Hi everyone! I am new to the board and I am hoping for some help.

My husband has an account on several "hook up sites". I found out about them one day when I was checking our computer to see what our kids have been up to online. This was several months ago. When I confronted him about it, he said that he was "just checking things out" and he was bored because he had lost his jib and was sitting home alone all day while I was at work. 
It stopped for a while but yesterday I saw that he had been there again. His profile says that he is "looking for a woman for 1 on 1 sex"
When I asked him about it, he said that it is an ego boost and that it makes him feel better about himself. He says that he has never actually met anyone from the site and never intended to. How am I supposed to react to this? I don't know if I can trust him anymore. He doesn't seem to think that he has done anything wrong, and that I should just get over it. Any suggestions? I just don't know where to go from here.


----------



## saggan (Mar 3, 2010)

tell him to stop it it not ok to be acting that way when your a married man looking at porn to "relive a little tension" is one this but that just un aceptable behavior


----------



## Mo Simpson (Jun 3, 2009)

You know it and we know it, but he doesn't seem to know it - your husband is disrespect you and your marriage.

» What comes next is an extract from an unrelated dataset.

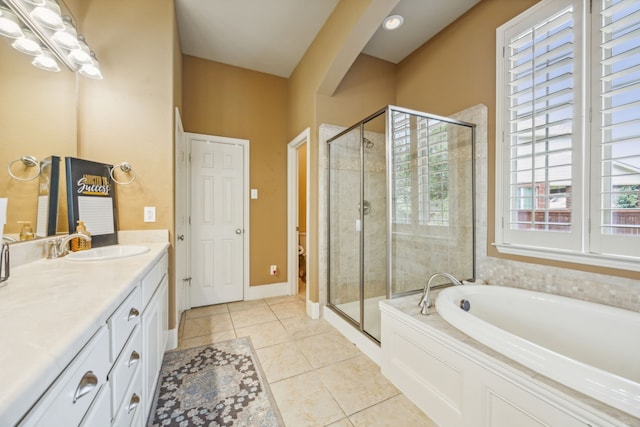 full bathroom featuring tile patterned floors, vanity, independent shower and bath, and toilet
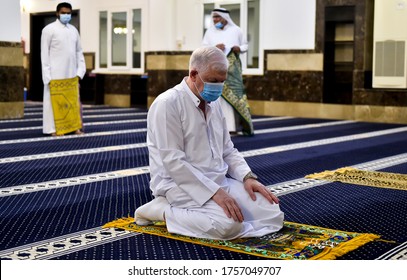 JUNE 15,2020-DOHA,QATAR:The faithful praying with face masks at a mosque in Doha,Qatar. Mosques reopened to worshippers after weeks of closure as a preventive measures against the COVID-19) pandemic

It doesn't matter if he never meets anyone, you're uncomfortable with it and rightly so. If he's bored he needs to get out and get a job or go and keep himself busy in an appropriate and safe way.


----------



## scarletblue (May 20, 2009)

First of all, how would he feeld if the situation had been reversed and he caught you doing that?

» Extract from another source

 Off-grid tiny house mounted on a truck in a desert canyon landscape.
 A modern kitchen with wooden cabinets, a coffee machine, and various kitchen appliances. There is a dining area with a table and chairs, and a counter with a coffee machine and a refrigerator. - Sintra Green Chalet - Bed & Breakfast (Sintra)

Secondly, that kind of behavior can cause such a snowball effect. What if some hot chic responded and then started flirting? Would that be enough? Or would he continue just to keep his "ego" boosted? Then what? Exchange pictures, emails? It just opens up a can of worms. I don't get why people go out looking for temptation like that.

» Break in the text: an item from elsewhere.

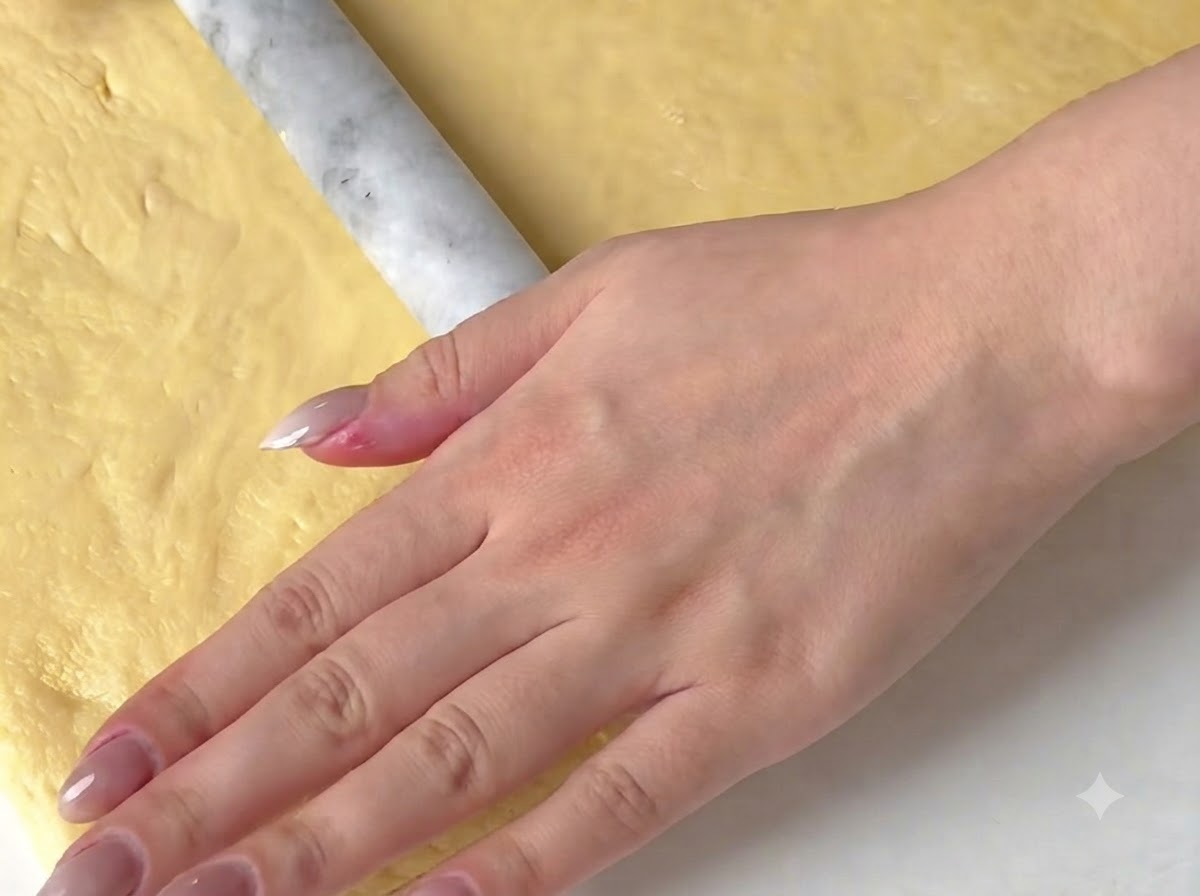 A hand using a marble rolling pin to flatten out a yellow dough sheet on a surface.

Nip it in the bud now. If he keeps it up, then it will just reach the next level, and then the next.


----------



## cazzyuk (Mar 4, 2010)

hi, I am in an identical boat to u - its not nice is it...

Only my situation has gone a step further. I found that my husband had registered on an adult chat site about a year ago - we argued, he said he would stop and then we sorted it out - so I thought.
one and half weeks ago I found out he had done the same - only this time it had progressed and he was talking on the phone to a woman from Birmingham.
I have since asked him to leave and we have been seperated since. I cant get the thought out of my head that just because he didnt do anything - the intention was still there... I just caught him out.
I dont know if things can be sorted out. I do know I love my husband but not being able to trust someone after they have disrespected you is a lot to deal with...

Good luck - I really feel for you 

Caz x


----------